Stoppe entschuldigt sich für SC-Einsatz

Während der Sprung von Wittmann nach vorne also auf mehrere Faktoren zurückzuführen ist, war der anschließende Safety-Car-Einsatz ein Fehler von Sven Stoppe. Denn er hatte angekündigt, nach einer FCY auf einen SC-Einsatz verzichten zu wollen.

Das Safety-Car durchkreuzte die Strategie von Maximilian Paul, dessen Paul-Motorsport-Lamborghini die Chance auf eine Sensation bereits verpasst hatte, denn er war gerade am Boxeneingang vorbeigefahren, als die Ansage "FCY in zehn Sekunden" ertönte. "Unsere Strategie war, noch eine Runde zu fahren", erklärt Paul gegenüber Motorsport-Total.com.
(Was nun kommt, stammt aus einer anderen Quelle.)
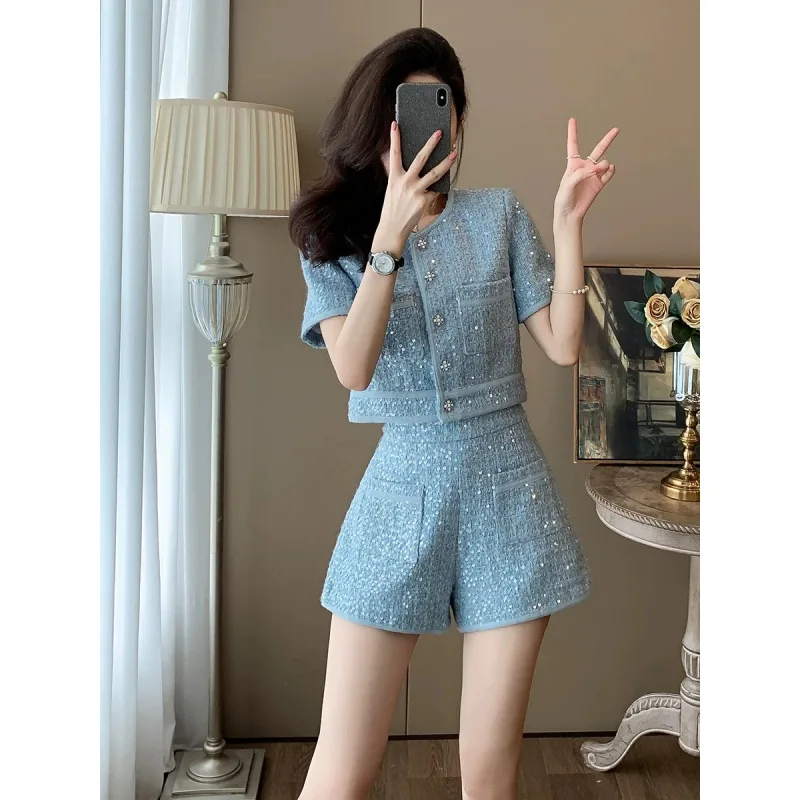 Women's coarse tweed 2-pcs set short sleeved jacket+shorts 2026 summer new small fragrance style set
Allerdings hätte man die FCY auch ohne die Ansage antizipieren können, doch beim DTM-Neuling gab es ein Problem mit dem Funk. Damit hatte Paul Motorsport die Chance auf den nächsten Sensationssieg nach dem Nürburgring 2023 verpasst. "Verloren war aber noch nichts", sagt Paul. " Aber das Safety-Car hat unsere Strategie dann vollkommen durchkreuzt."

Grund für den SC-Einsatz war die Befürchtung, dass die Reifen zu stark abgekühlt sein könnten. Aus diesem Grund wird bei der GT-World-Challenge (GTWC) Europe grundsätzlich nach einer FCY ein Safety-Car eingesetzt, damit die Fahrer ihre Reifen wieder aufwärmen können. Andererseits gehen die Fahrer nach dem Boxenstopp mit komplett kalten Reifen auf die Strecke.

Stoppe versicherte, dies in Zukunft nicht mehr so zu handhaben und das Rennen sofort wieder freigeben zu wollen. Diese Ankündigung kam bei den Teamchefs gut an. Stoppe genießt im Fahrerlager hohes Ansehen und wird von Fahrern und Teamchefs sehr geschätzt.

Das sagen die Fahrer

Wittmann sieht sein Glückskarma derzeit nicht ausgeglichen: "Das Pech [mit der Roten Flagge], das ich im Qualifying hatte, hatte ich im Glück bei der Strategie. Aber dann kam das Pech zurück. Das ist unglaublich." Er schied kurz vor Schluss mit Benzinmangel aus.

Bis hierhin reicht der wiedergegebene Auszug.